Go through the data below and return each line where the string "Beach" occurs.
BEGIN MATERIAL SHOWN
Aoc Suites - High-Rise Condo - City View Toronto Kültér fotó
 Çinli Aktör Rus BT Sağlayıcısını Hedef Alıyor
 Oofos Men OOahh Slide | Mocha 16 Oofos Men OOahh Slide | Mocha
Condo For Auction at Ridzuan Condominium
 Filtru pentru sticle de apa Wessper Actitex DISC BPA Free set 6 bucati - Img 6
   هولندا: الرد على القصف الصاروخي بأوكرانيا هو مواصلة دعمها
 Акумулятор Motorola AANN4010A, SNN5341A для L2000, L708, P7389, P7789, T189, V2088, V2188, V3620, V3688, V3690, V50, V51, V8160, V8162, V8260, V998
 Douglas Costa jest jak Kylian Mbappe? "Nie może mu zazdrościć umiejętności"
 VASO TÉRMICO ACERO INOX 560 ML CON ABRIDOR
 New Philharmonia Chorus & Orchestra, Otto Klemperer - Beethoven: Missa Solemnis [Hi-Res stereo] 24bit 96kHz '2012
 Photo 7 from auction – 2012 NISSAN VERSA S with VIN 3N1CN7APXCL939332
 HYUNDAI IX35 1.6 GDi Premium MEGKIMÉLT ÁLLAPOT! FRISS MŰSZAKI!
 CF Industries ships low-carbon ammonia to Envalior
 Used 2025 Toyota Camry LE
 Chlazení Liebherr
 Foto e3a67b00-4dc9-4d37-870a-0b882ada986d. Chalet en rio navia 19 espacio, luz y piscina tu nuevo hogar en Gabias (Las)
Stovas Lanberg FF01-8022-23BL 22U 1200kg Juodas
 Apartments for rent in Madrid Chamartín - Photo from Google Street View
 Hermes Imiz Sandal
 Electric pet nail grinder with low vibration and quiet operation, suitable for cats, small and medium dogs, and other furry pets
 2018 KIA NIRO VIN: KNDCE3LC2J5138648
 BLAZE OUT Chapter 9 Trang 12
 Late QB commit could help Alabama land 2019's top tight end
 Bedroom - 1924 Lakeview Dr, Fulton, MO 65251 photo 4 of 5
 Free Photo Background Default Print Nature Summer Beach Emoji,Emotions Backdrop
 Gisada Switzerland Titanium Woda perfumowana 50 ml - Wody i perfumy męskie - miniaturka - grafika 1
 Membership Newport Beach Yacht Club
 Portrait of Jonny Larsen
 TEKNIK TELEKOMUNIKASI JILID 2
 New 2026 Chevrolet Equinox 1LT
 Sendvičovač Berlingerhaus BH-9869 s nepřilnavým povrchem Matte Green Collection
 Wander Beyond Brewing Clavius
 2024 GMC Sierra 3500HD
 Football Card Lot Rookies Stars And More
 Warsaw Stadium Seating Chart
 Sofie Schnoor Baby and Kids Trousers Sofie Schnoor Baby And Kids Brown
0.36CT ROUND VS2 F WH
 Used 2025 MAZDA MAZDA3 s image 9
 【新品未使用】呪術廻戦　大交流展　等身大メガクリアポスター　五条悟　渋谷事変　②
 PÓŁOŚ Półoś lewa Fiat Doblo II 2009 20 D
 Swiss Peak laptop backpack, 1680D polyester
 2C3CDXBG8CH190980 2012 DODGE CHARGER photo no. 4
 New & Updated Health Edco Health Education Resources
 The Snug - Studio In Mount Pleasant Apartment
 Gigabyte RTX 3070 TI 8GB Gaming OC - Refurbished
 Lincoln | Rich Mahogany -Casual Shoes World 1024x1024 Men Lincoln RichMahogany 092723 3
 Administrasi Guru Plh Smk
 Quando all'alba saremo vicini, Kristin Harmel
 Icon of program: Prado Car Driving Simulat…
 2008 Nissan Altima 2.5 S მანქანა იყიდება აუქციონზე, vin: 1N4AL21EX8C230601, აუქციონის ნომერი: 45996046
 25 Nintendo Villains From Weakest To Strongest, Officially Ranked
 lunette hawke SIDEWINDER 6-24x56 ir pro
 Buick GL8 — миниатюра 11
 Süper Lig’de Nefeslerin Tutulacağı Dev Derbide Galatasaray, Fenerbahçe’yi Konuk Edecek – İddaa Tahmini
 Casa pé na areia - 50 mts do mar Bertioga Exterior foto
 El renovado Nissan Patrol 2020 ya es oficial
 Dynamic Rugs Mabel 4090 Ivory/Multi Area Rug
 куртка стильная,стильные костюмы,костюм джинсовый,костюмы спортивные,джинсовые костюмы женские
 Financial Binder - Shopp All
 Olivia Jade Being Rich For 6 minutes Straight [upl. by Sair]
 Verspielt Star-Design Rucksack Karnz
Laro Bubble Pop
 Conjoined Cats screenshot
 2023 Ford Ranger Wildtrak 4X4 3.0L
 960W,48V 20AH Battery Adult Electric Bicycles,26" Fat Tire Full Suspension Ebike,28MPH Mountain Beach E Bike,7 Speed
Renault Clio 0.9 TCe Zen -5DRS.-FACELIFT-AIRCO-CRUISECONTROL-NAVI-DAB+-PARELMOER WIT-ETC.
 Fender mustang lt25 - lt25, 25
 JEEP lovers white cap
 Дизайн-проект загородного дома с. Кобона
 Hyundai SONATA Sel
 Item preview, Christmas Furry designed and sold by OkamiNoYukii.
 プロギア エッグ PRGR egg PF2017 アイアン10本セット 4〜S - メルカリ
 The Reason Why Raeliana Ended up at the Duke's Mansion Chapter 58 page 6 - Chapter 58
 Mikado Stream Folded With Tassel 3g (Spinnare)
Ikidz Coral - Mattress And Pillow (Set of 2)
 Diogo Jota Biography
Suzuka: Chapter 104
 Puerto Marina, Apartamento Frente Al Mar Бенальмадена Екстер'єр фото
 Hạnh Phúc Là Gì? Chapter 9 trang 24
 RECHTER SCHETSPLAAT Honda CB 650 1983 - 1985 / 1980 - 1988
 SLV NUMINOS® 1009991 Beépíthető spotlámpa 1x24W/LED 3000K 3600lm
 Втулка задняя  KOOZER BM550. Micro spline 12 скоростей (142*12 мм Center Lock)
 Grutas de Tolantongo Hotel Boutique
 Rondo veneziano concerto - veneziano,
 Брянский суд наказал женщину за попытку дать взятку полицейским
END MATERIAL SHOWN
*TASK ANSWER:*
 Free Photo Background Default Print Nature Summer Beach Emoji,Emotions Backdrop
 Membership Newport Beach Yacht Club
 960W,48V 20AH Battery Adult Electric Bicycles,26" Fat Tire Full Suspension Ebike,28MPH Mountain Beach E Bike,7 Speed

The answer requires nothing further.